*** RECORDED INFORMATION ***
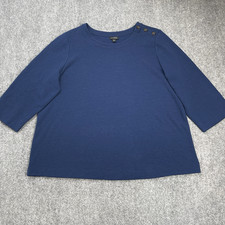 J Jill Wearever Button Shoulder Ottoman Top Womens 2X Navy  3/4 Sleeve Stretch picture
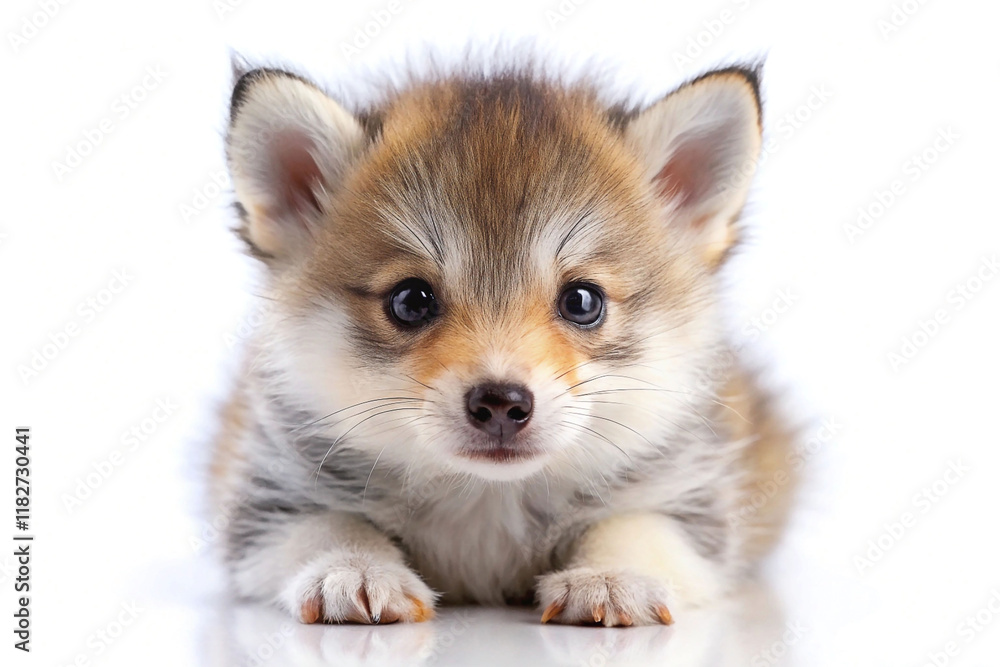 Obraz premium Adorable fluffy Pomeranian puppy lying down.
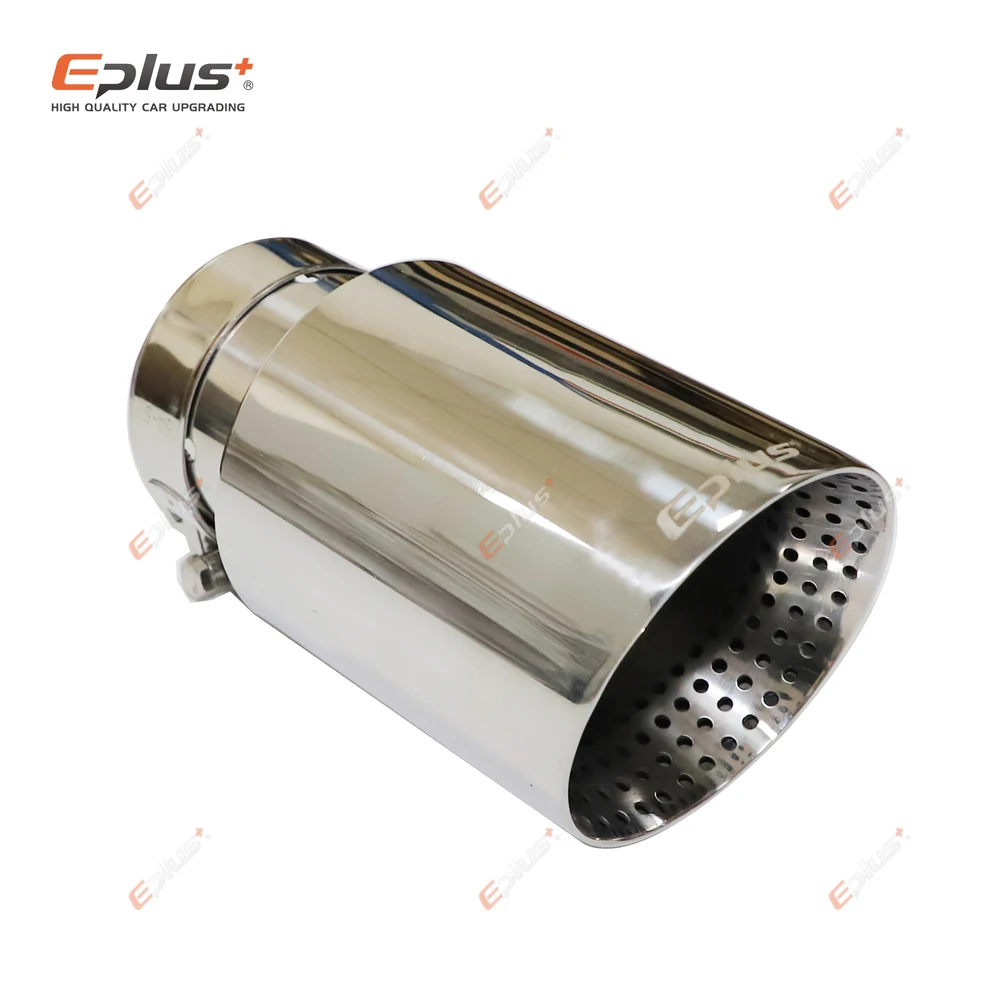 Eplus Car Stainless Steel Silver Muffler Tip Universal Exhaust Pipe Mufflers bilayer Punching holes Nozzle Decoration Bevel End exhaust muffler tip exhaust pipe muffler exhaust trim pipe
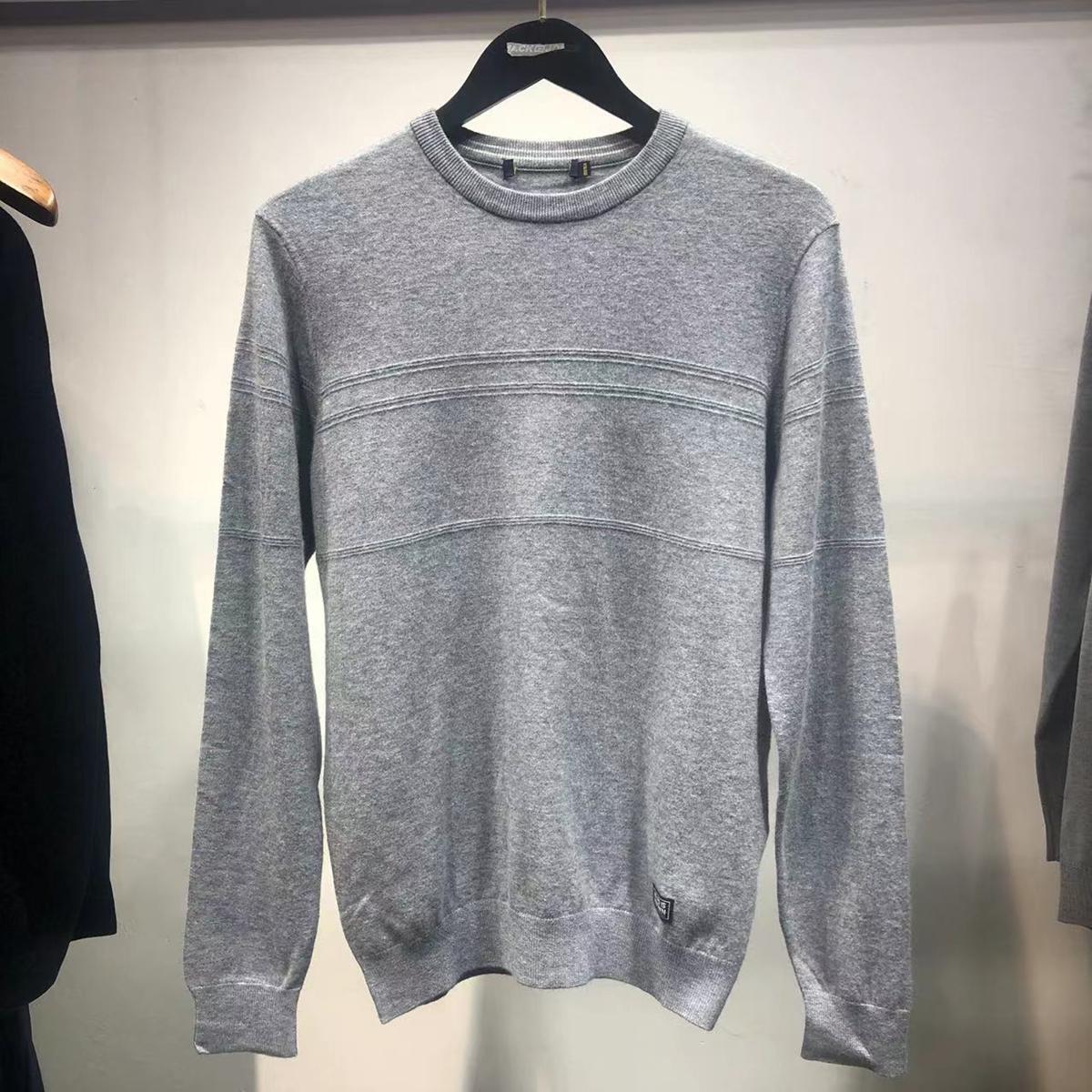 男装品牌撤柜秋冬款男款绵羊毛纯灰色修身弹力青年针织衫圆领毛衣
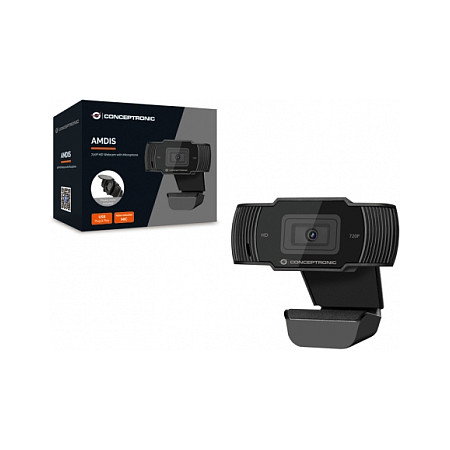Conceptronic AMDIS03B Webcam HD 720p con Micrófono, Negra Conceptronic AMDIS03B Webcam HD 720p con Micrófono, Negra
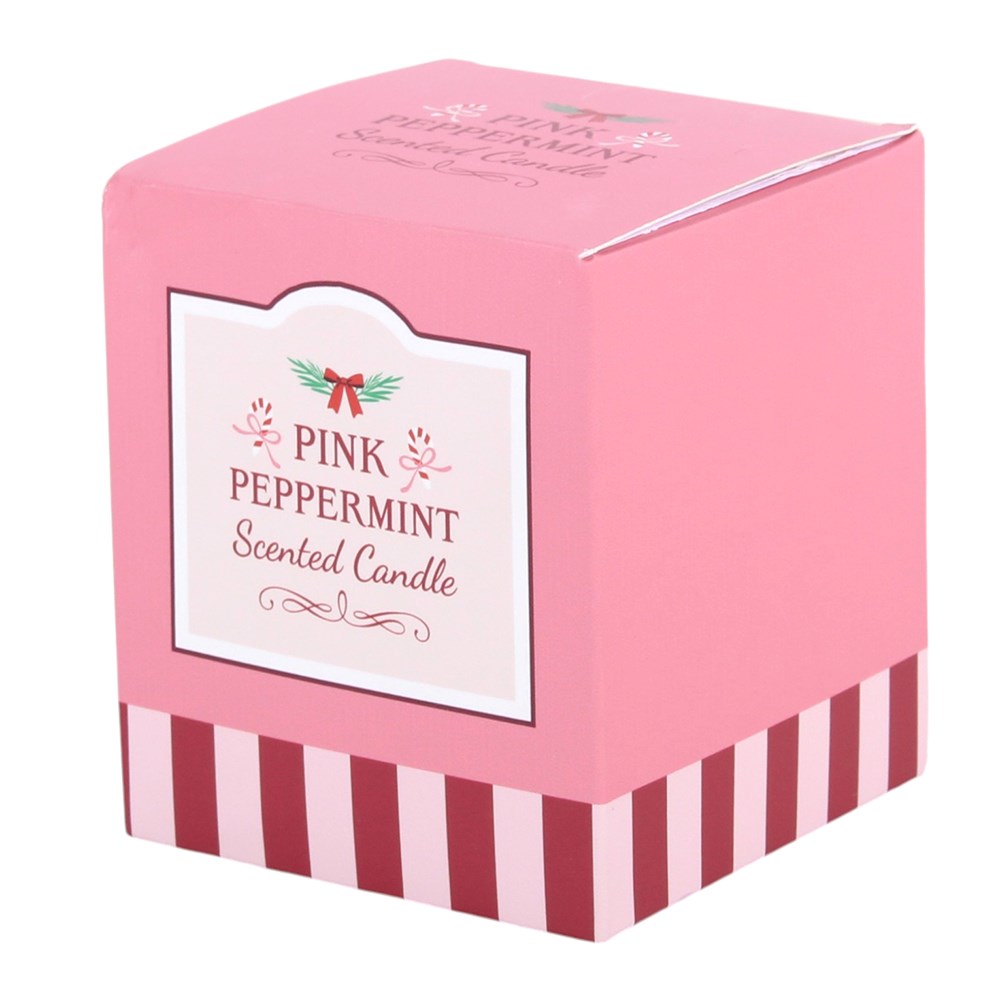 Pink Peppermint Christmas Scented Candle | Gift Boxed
*** End of RECORDED INFORMATION ***
• [INSTRUCTIONS FOR THE TASK] Restate word for word the lines that begin at the one containing "Obraz premium Adorable" and end with the final line of the records. Pictures stay out.

• [SOLUTION TO THE EXERCISE]
 Obraz premium Adorable fluffy Pomeranian puppy lying down.
 Eplus Car Stainless Steel Silver Muffler Tip Universal Exhaust Pipe Mufflers bilayer Punching holes Nozzle Decoration Bevel End exhaust muffler tip exhaust pipe muffler exhaust trim pipe
 男装品牌撤柜秋冬款男款绵羊毛纯灰色修身弹力青年针织衫圆领毛衣
Conceptronic AMDIS03B Webcam HD 720p con Micrófono, Negra Conceptronic AMDIS03B Webcam HD 720p con Micrófono, Negra
 Pink Peppermint Christmas Scented Candle | Gift Boxed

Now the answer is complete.